***
## Title

Programming for Data Analysis - Assignment 2020.  
Submitted by ***Jack Caffrey***
***

## Introduction

The following assignment was undertaken as part of the Higher Diploma in Science - Data Analytics course through the Galway-Mayo Institute of Technology, for the module Programming for Data Analysis. 

***Please note the following:***
1. The assignment critera will be outlined in the below ***Problem Statement*** section of the assignment.  
2. All reference will be indicated using [#]. These references will be listed in the ***References*** section of this assignment.
3. Markdown formatting references are as follows.   
     * Basic Syntax. Matt Cone. https://www.markdownguide.org/basic-syntax/
     * Extended Syntax. Matt Cone. https://www.markdownguide.org/extended-syntax/
     * Motivating Examples. Jupyter Team. https://jupyternotebook.readthedocs.io/en/stable/examples/Notebook/Typesetting%20Equations.html

### Problem Statement

Using a Jupyter notebook explain the use on the ***numpy.random*** package in Python.  
This explanation must include the following:  

1. The **purpose** of the package. 
2. The use of the **"Simple random data"** and **"Permutations"** functions.   
3. The use and purpose of at least five **"Distributions"** functions.   
4. Explain the use of **"seeds"** in generating pseudorandom numbers.   

***Note:***  
The problem statement was defined using the critera outlined in the Programming for Data Analysis Assignment [1]

***



## 1. History of NumPy. 

Before exploring the purpose of the ***numpy.random*** package it is important to provide a brief history of the development of the ***numPy*** package as a whole.  
  
The ***numPy*** package developed from the Python programmming language extensions ***Numeric*** and ***Numarray*** [2]. Numeric was largely developed by Jim Hugunin a software programmer in 1995, with contributions from many people including Jim Fulton, David Ascher, Paul DuBois, Konard Hinsen [3].  
Numeric was originally developed with maximum performance as it's main aim. A consicence of solely focusing efforts on maximum performance, resulted in design choices that meant Numeric was not extremely efficient for very large data sets [4]. (A data set is "*a collection of related sets of information that is composed of separate elements but can be manipulated as a unit by a computer*") [5].  
  
As a result of this poor efficiency when dealing with large data sets the Numarray package was developed. Numarray was developed to have faster operating speeds for larger data sets when compared to Numeric, but this lead to Numarray having slower operating speeds for smaller data sets versus Numeric. This lead to both packages being used simultaneoulsy depending on the desired output [6].  

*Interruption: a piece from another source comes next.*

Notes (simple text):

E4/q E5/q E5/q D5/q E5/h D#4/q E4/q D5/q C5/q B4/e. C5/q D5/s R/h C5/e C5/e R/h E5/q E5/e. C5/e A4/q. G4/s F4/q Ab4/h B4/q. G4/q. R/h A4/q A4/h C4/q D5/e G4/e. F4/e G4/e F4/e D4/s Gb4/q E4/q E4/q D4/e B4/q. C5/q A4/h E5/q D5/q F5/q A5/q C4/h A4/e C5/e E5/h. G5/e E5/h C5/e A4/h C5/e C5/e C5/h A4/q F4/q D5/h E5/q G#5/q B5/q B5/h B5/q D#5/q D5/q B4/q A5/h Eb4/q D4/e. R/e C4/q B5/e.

At the beginning of 2005, an American Data Scientist and Businessman Travis Oliphant [7] wanted to develop a single array package (An array "*is a data structure consisting of a collection of elements, each identified by at least one array index or key.*") [8]. The creation of this single package was called *SciPy core*, with the intention to implement this as part of the bigger scientific package *SciPy*. This approach lead to confusion of how the package operated, resulting in the name change to *numerix*. The *numerix* name was already trademarked by another organisation, as a result of this trademarking another name change was required and the package ***NumPy*** was born. [9]. 

### What is NumPy?

Numpy is described as "the fundamental package for scientific computing in Python". It is through this Python library that is possible to complete fast operations on arrays including but not limited to the following:  
1. Mathematical. 
2. Logical.
3. Shape Manipulation. 
4. Sorting.
5. Random Simulation. [10]

Note: For the purpose of the assignment random simulation (sampling) will be the main area of focus and the ***numpy.random*** package.

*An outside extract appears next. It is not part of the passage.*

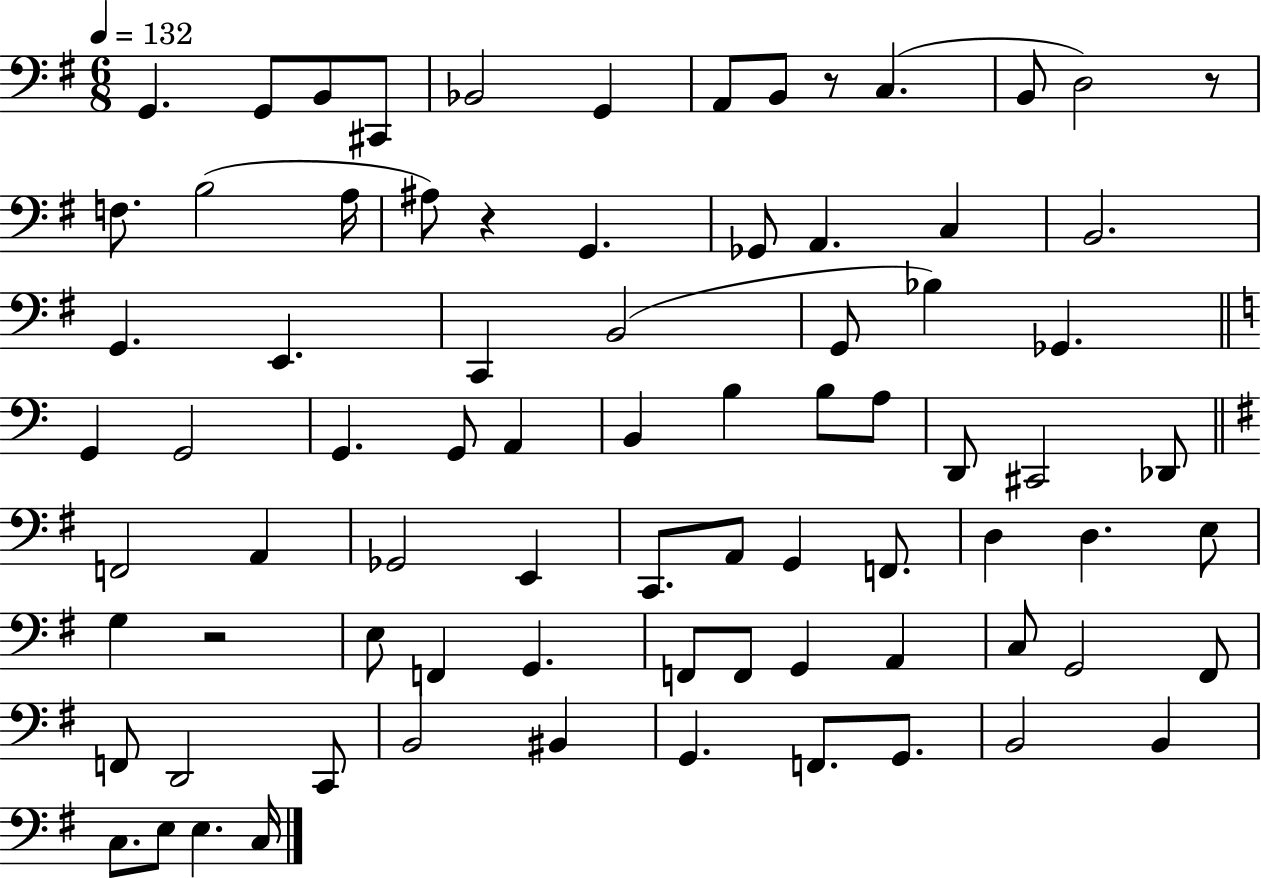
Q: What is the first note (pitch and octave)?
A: G2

### Random Sampling & the *numpy.random* Packcage

Random sampling is a method used to select a sample of data from a larger data population.  
In random sampling each sample of the data population has an equal chance of being selected. This selection is meant to be a netural and unbiased portayal of the larger data population it is selected from. If the selection does not represent a netural and unbiased portayal of the larger data population this is known as "*sampling error*" [11].  
  
Random sampling is the best method of selecting samples from the data population you are interested in. The sample selected should portray the data population you are investigating and remove sampling bias. [12]. 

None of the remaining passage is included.